Comment Re:Switched double speed half capacity, realistic? (Score 2) 316

I doubt it would be trivial: you can sacrifice capacity for some speed by reducing the amount of platter area you use(and thus how far back and forth the read/write head assembly needs to move); but RPM is still a serious constraint, and bumping that tends to get rather costly. 15k RPM has been the effective ceiling for years, and while increases in data density improve best-case read and write speeds they have no effect on how long you have to wait for a given chunk of disk to finish its rotation and come back under the read head.

It also doesn't help that SSDs are aggressively moving into the high speed area. If you applied the engineering tricks used in ultracentrifuges you could probably build a damn fast HDD; but doing so for less than the price of a really nice SSD would be a great deal more challenging.

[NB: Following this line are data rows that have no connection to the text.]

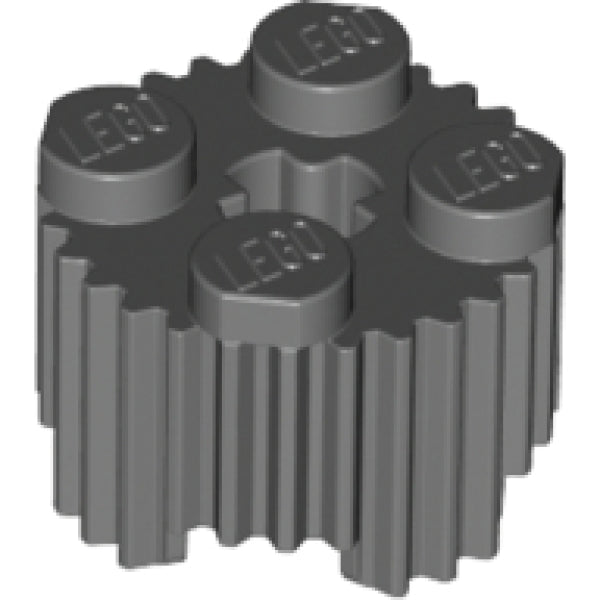 LEGO Steen 2x2 Rond met Grill DONKERGRIJS (100 stuks)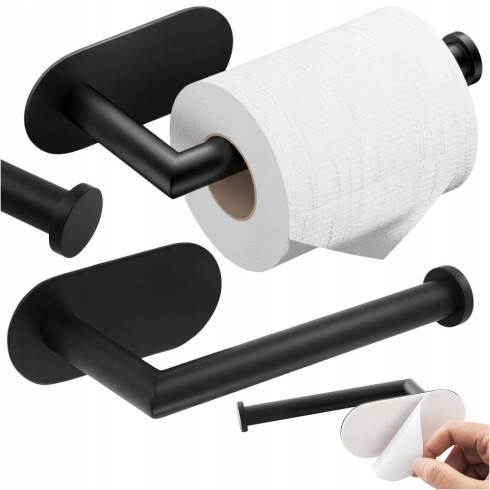 Porte rouleau de toilette noir autocollant loft mural pour la salle de bain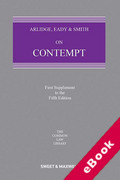 Cover of Arlidge, Eady & Smith on Contempt 5th ed: 1st Supplement (eBook)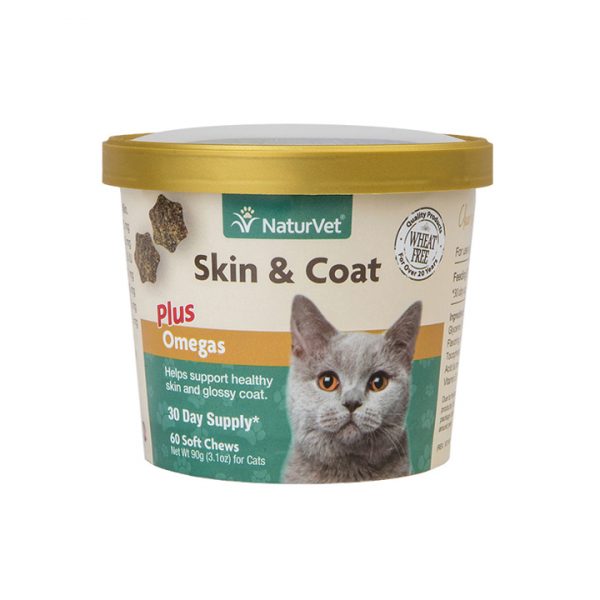 NaturVet Skin & Coat Plus Omegas CAT Soft Chew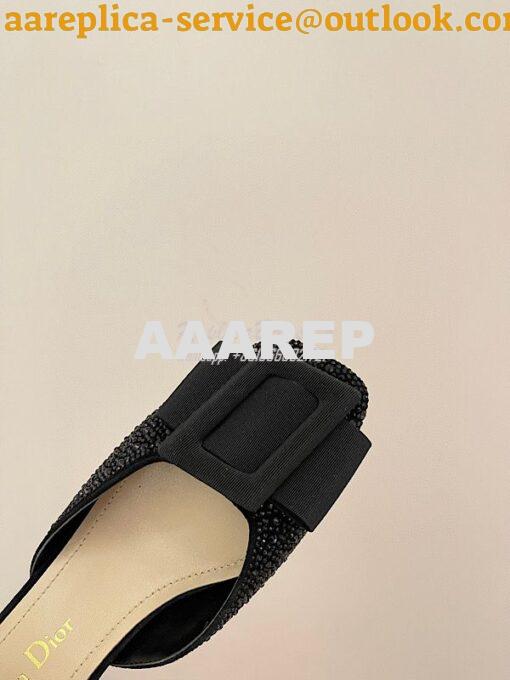 Replica Dior Idylle Ballet Pump Black Suede Covered with Strass and Gr 7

Comment Re:What's the max bandwidth of coax cable? (Score 2) 341

Well, from the looks of it a coax cable can carry anywhere from 1000-1500 6MHz channels @ 42.88 Mbit/s so 42-63 Gbit/s, subtract TV channels (200 @ 10 Mbit? = 2 Gbit/s), divide by number of subscribers sharing the rest. It shouldn't take that much money to cut a loop in half though, just pick a midpoint and run two coax cables straight to the central office. Considering how rapidly things progress with competition I really doubt there's any technical difficulty in delivering more.